• Assigned task
Give the lines again exactly as they appear below, from the line with "Pharmaceutics 03 00354f2 200" to the line with "Gabboddg's tweet photo.", both included, and only those lines. Leave every picture out.

(Task input Opens)

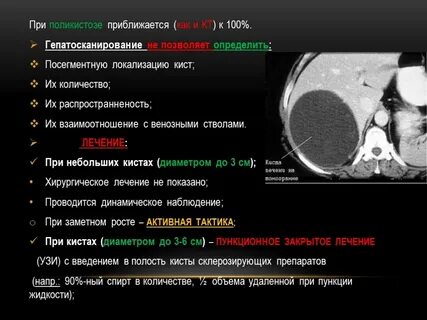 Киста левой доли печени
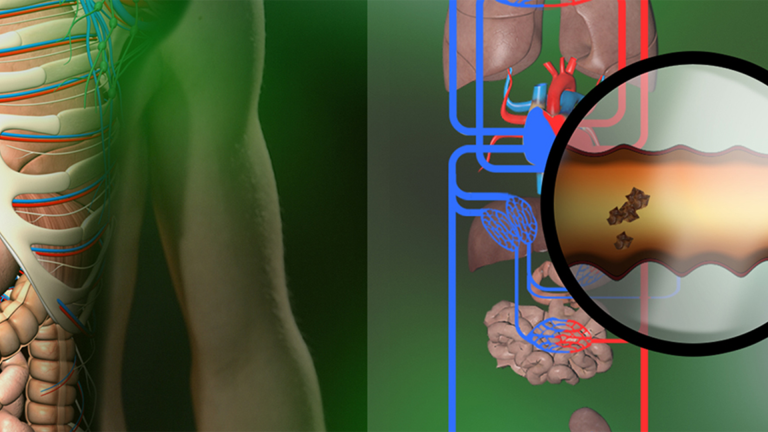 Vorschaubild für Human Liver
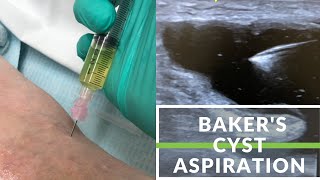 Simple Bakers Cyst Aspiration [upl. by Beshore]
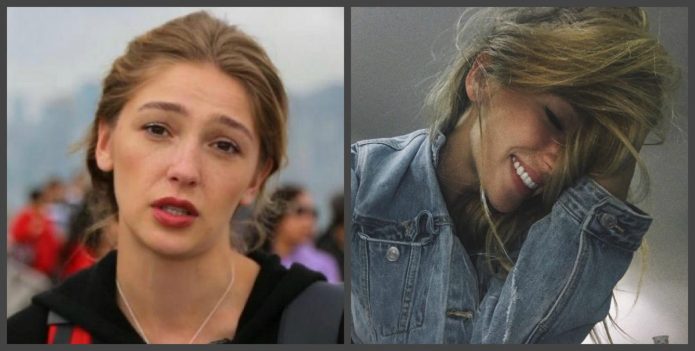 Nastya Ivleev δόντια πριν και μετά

(Task input Closes)
(Task input Opens)

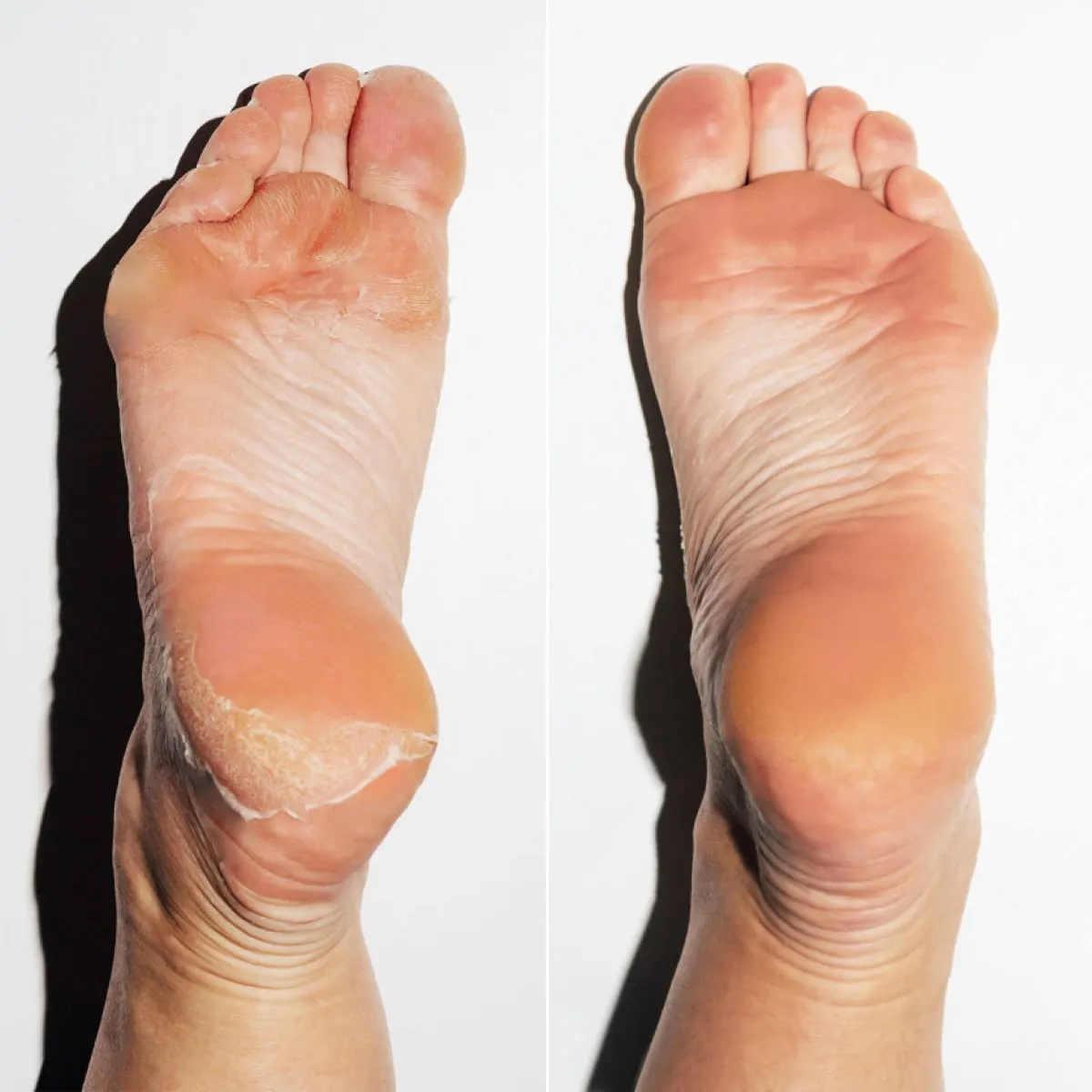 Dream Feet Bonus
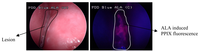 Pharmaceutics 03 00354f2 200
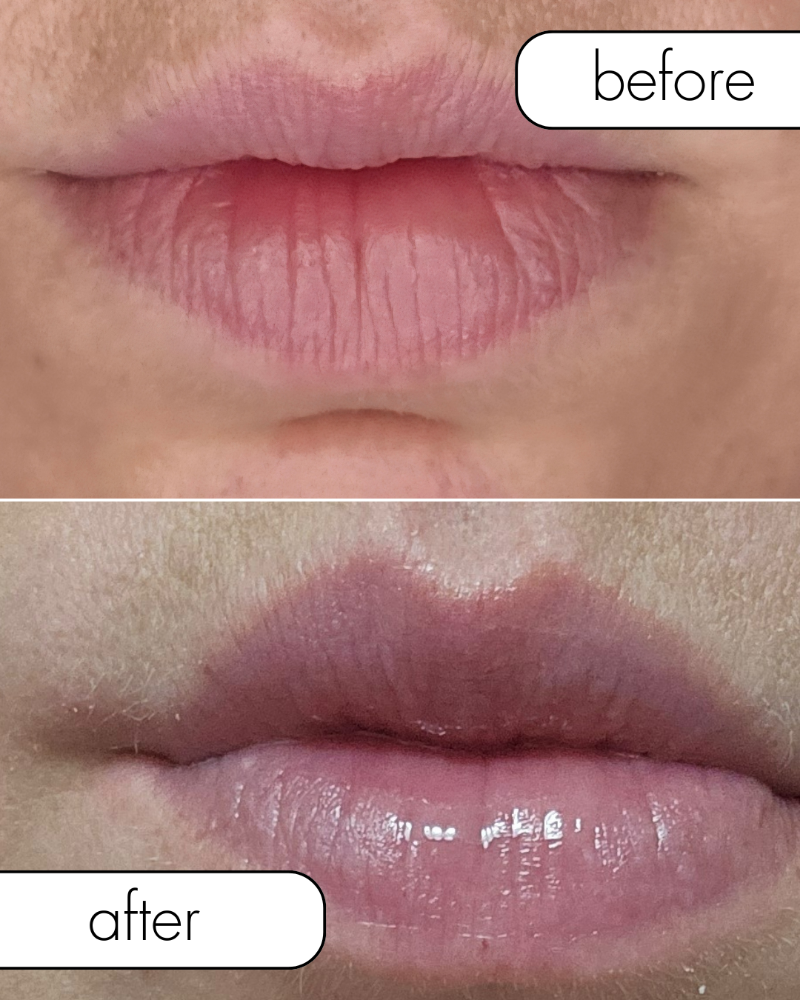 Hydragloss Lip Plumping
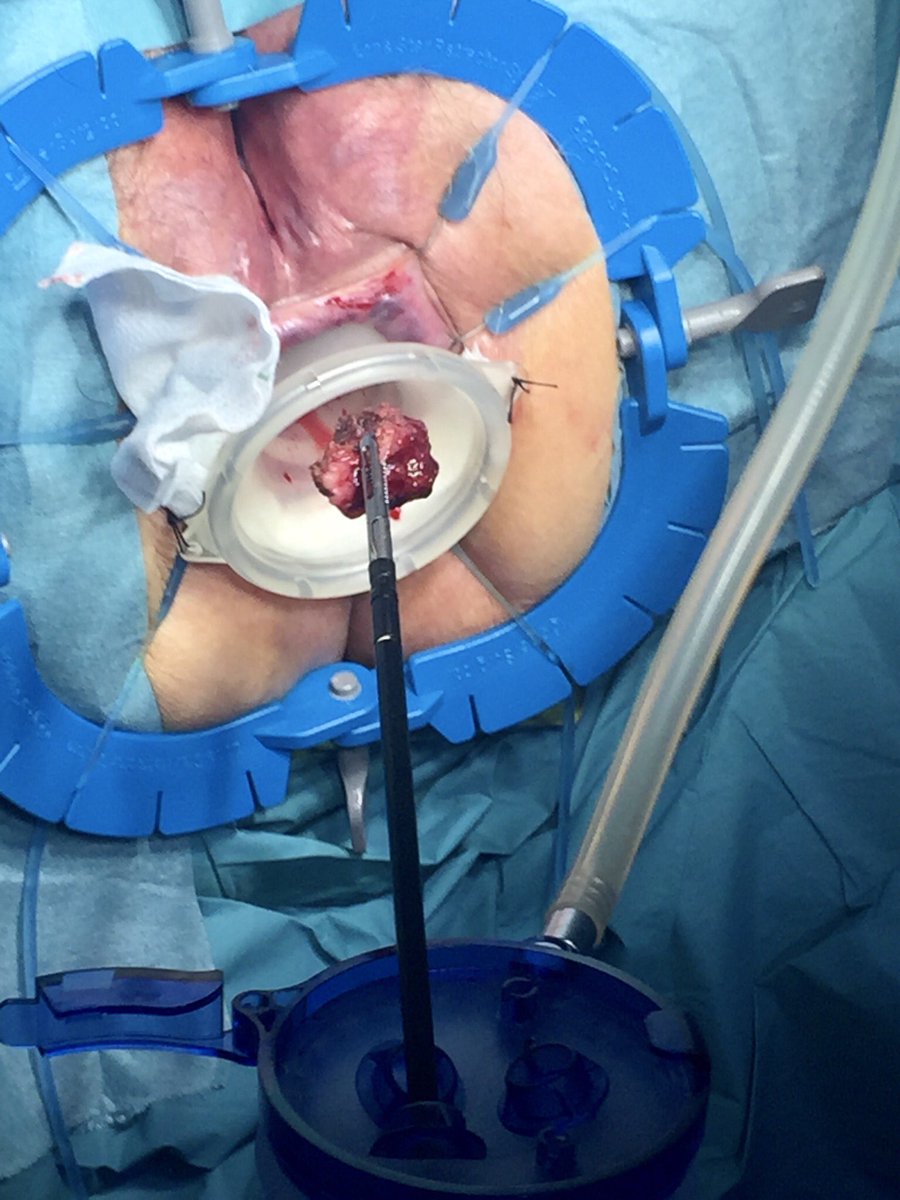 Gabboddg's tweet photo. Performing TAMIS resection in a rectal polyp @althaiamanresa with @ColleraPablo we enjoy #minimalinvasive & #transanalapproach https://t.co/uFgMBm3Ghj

(Task input Closes)
(Task input Opens)

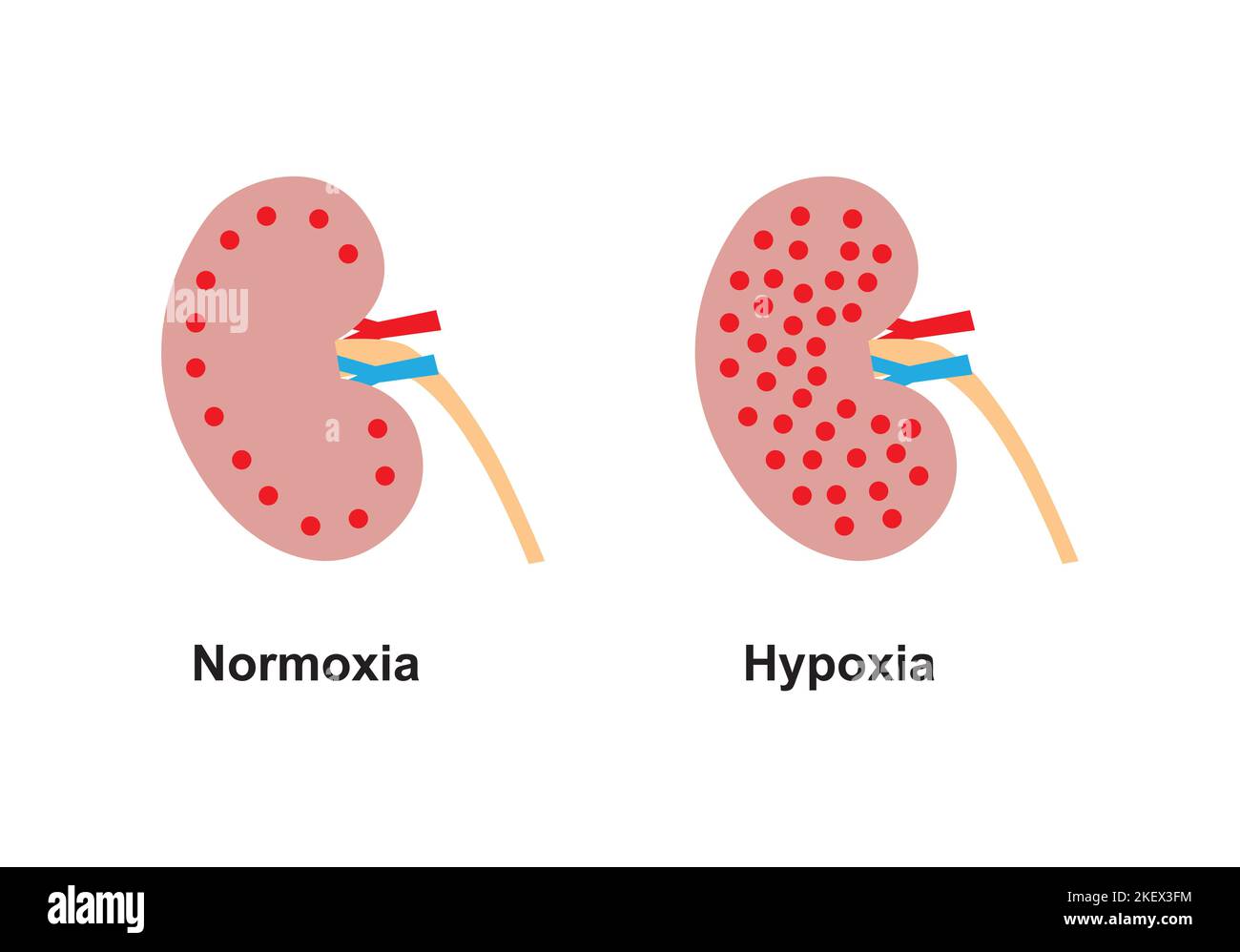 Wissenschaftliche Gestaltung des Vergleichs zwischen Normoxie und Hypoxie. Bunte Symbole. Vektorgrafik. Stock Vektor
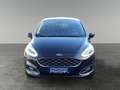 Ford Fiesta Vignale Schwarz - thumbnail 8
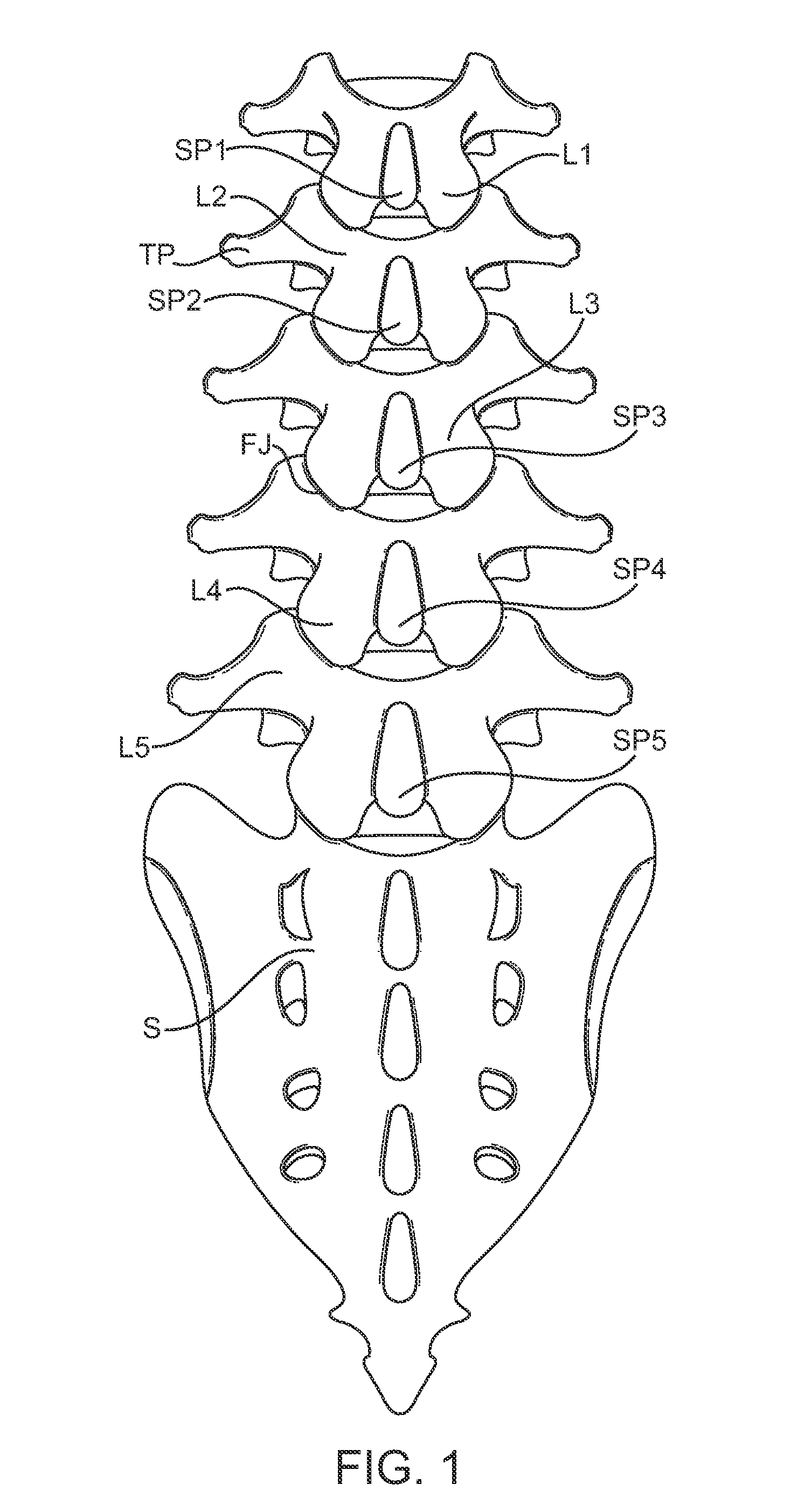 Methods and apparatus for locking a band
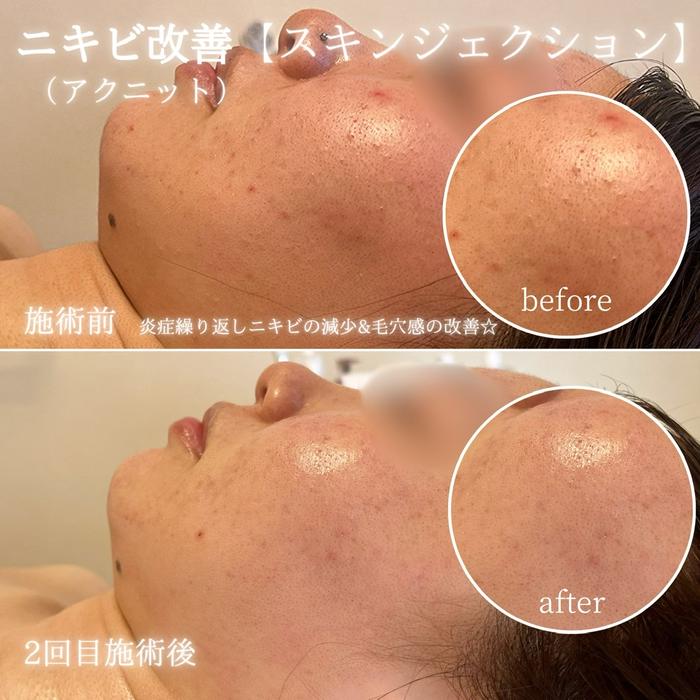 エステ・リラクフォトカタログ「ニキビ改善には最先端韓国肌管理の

(Task input Closes)

• Task output
 Pharmaceutics 03 00354f2 200
 Hydragloss Lip Plumping
 Gabboddg's tweet photo. Performing TAMIS resection in a rectal polyp @althaiamanresa with @ColleraPablo we enjoy #minimalinvasive & #transanalapproach https://t.co/uFgMBm3Ghj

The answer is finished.